- **TASK ITEM**: Begin at the line containing "this 1024×768 image." and give again every line to the end of the records, exactly, without the pictures.

★ ★ ★

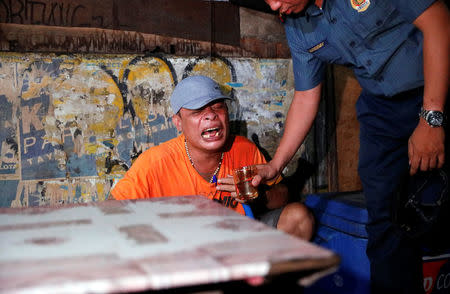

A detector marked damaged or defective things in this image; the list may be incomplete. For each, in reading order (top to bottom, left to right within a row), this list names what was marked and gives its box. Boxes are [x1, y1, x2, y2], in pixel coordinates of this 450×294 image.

peeling paint surface [0, 51, 310, 208]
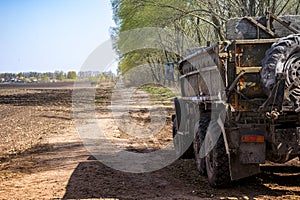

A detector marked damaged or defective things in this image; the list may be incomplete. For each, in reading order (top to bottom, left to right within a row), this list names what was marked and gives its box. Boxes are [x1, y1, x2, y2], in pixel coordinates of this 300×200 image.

old rusty truck [171, 12, 300, 188]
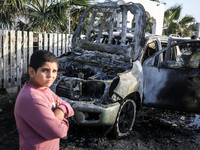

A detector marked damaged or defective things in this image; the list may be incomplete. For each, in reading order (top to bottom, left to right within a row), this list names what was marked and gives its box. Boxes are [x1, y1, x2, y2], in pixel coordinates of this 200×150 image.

burned vehicle [51, 0, 148, 138]
burnt tire [108, 99, 136, 139]
charred car body [52, 0, 200, 138]
burned vehicle [143, 40, 200, 113]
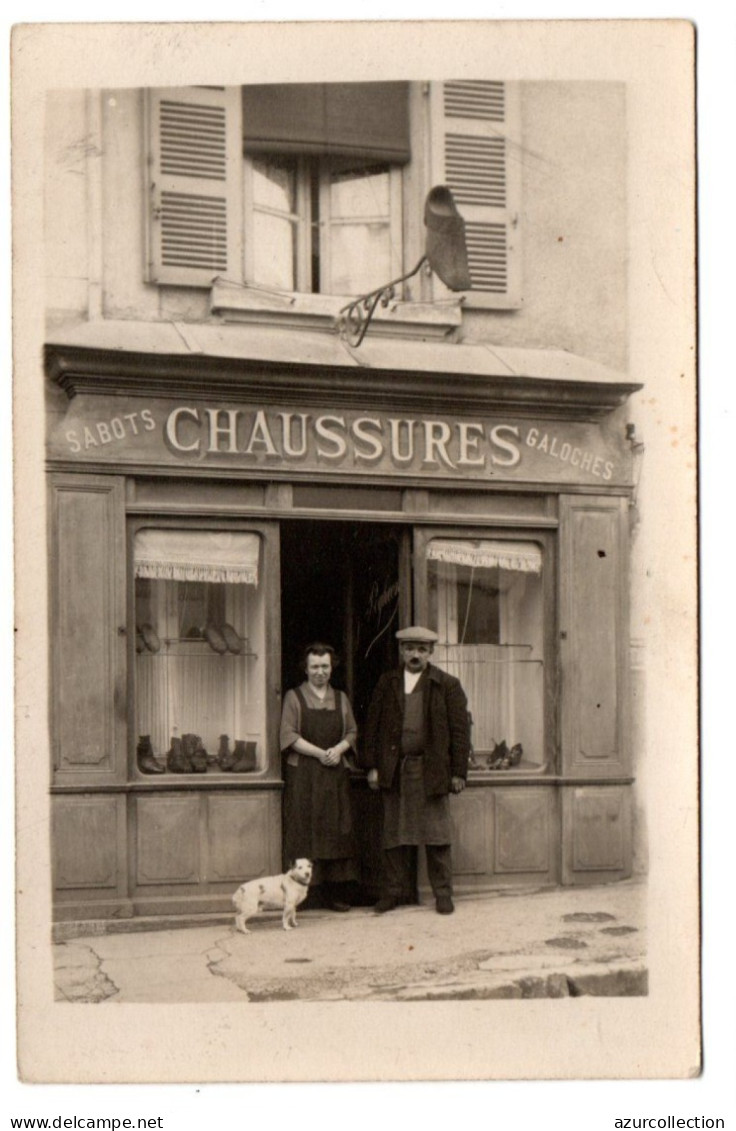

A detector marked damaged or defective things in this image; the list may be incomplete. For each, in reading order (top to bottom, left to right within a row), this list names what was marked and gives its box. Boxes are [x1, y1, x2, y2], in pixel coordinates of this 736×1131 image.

cracked pavement [51, 877, 646, 1004]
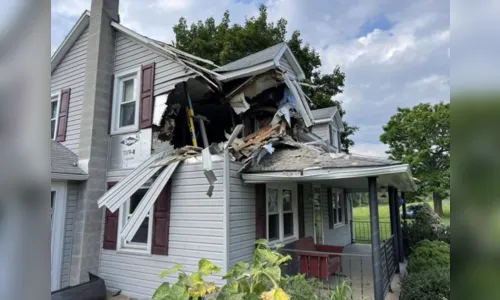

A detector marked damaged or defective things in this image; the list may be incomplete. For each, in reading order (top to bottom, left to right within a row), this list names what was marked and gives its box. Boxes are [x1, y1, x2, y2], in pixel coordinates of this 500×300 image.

shattered siding [50, 26, 89, 154]
broken roof edge [51, 10, 90, 72]
shattered siding [114, 31, 194, 96]
torn roofing material [50, 139, 87, 179]
damaged roof [51, 141, 87, 180]
damaged roof [244, 146, 400, 173]
broken roof edge [240, 163, 416, 191]
shattered siding [60, 180, 78, 288]
shattered siding [97, 163, 225, 298]
shattered siding [229, 162, 256, 268]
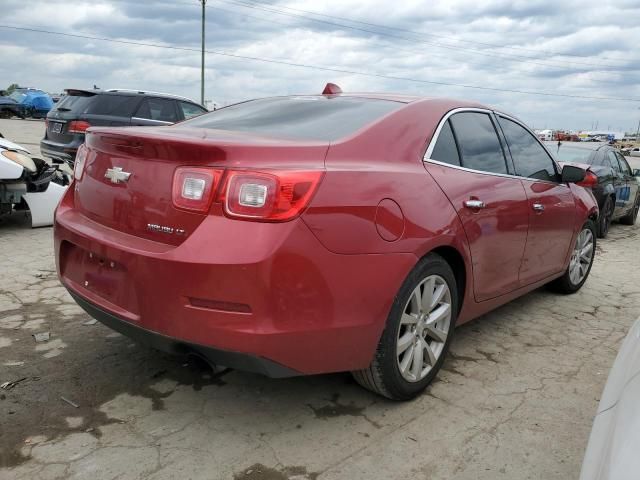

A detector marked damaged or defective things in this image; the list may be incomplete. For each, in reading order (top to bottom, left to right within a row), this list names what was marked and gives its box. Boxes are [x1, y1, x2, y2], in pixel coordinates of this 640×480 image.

cracked asphalt [1, 117, 640, 480]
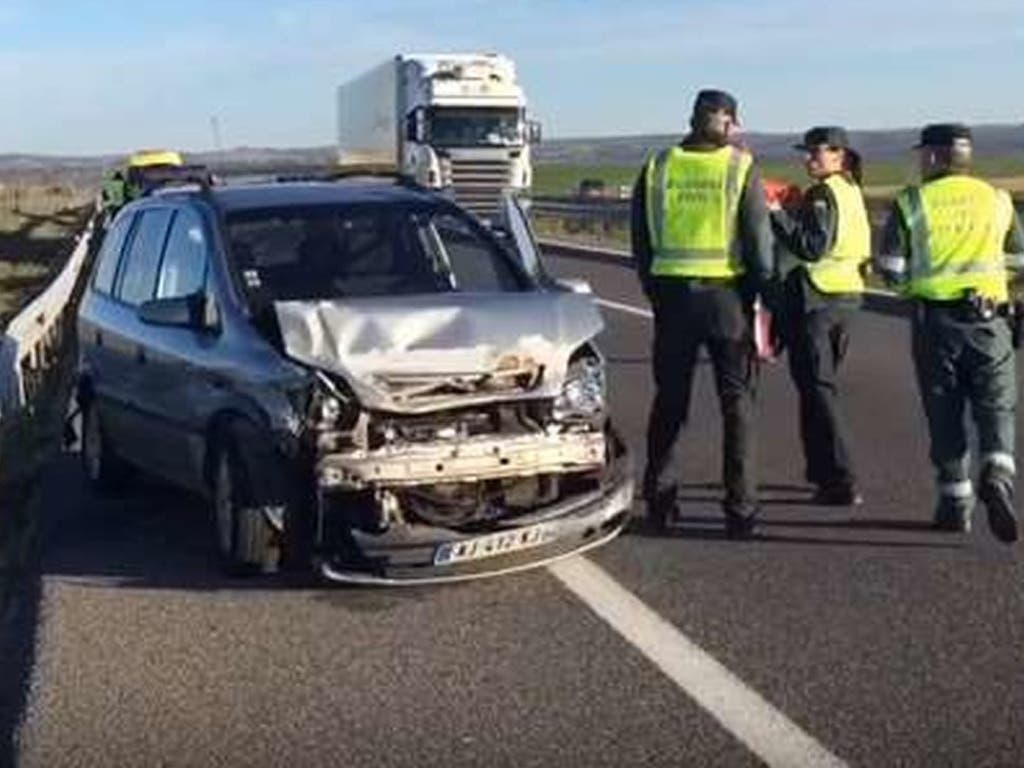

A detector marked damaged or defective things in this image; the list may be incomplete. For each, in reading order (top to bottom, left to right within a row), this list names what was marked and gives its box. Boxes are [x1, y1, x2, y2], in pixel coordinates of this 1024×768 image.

damaged car [76, 177, 632, 584]
crumpled hood [276, 292, 604, 414]
broken bumper [316, 450, 632, 584]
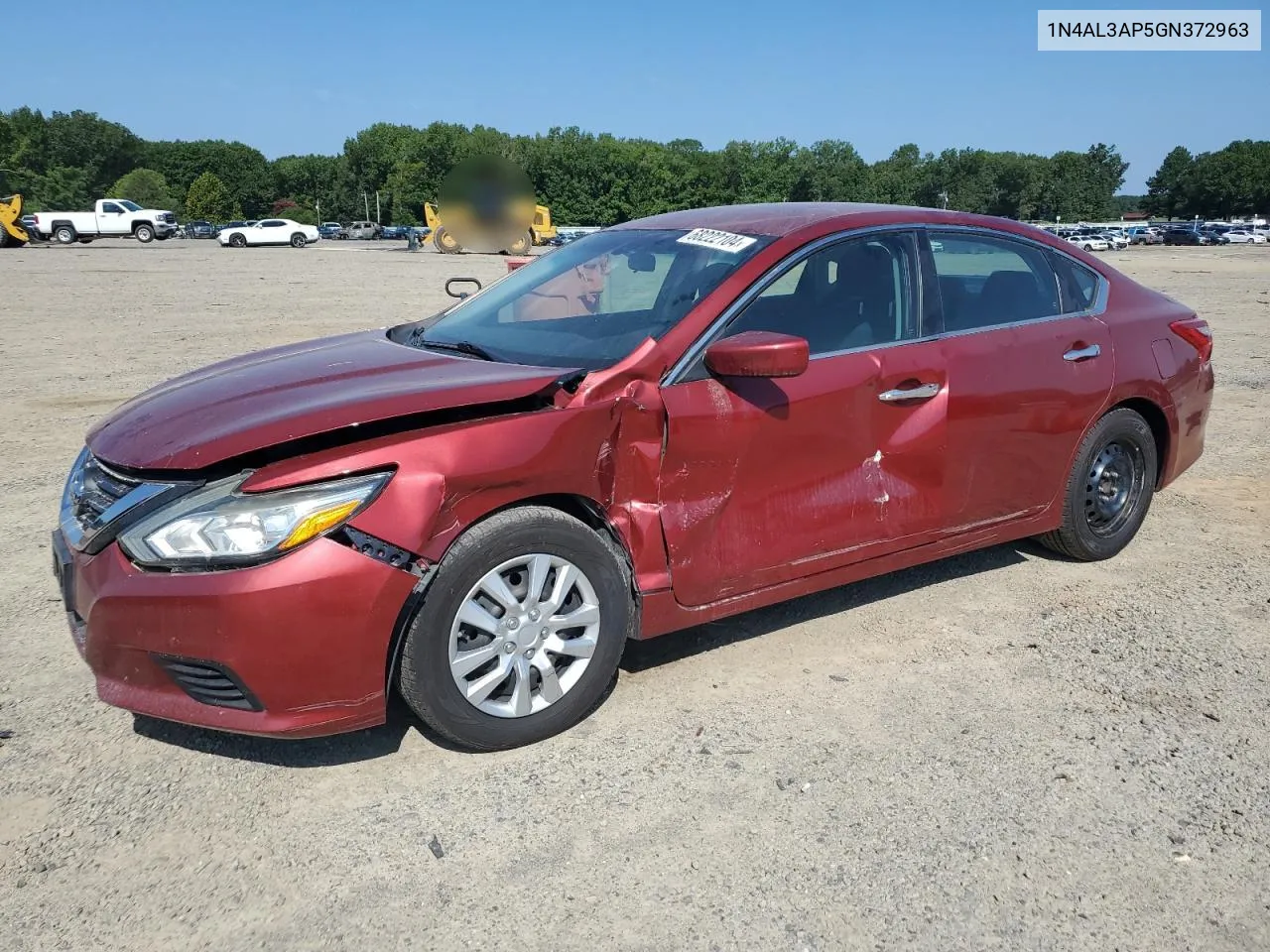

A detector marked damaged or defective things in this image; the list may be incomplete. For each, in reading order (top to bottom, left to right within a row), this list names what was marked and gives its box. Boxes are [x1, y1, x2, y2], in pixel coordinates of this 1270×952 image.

damaged red sedan [50, 204, 1214, 746]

★ ★ ★

- **THE COMPLETED TASK**:
A detector marked damaged or defective things in this image; the list may be incomplete. For each, in reading order (top to bottom, left to right within a row), this list names what was marked and gives its box. Boxes are [x1, y1, x2, y2], in pixel coordinates of this 1024×768 image.

damaged car [76, 177, 632, 584]
crumpled hood [276, 292, 604, 414]
broken bumper [316, 450, 632, 584]

A detector marked damaged or defective things in this image; the list may be incomplete. For each, in reading order (top to bottom, left to right within a row), this list names what was marked and gives its box. Boxes are [x1, y1, x2, y2], in pixel coordinates of this 1270×952 image.

damaged red sedan [50, 204, 1214, 746]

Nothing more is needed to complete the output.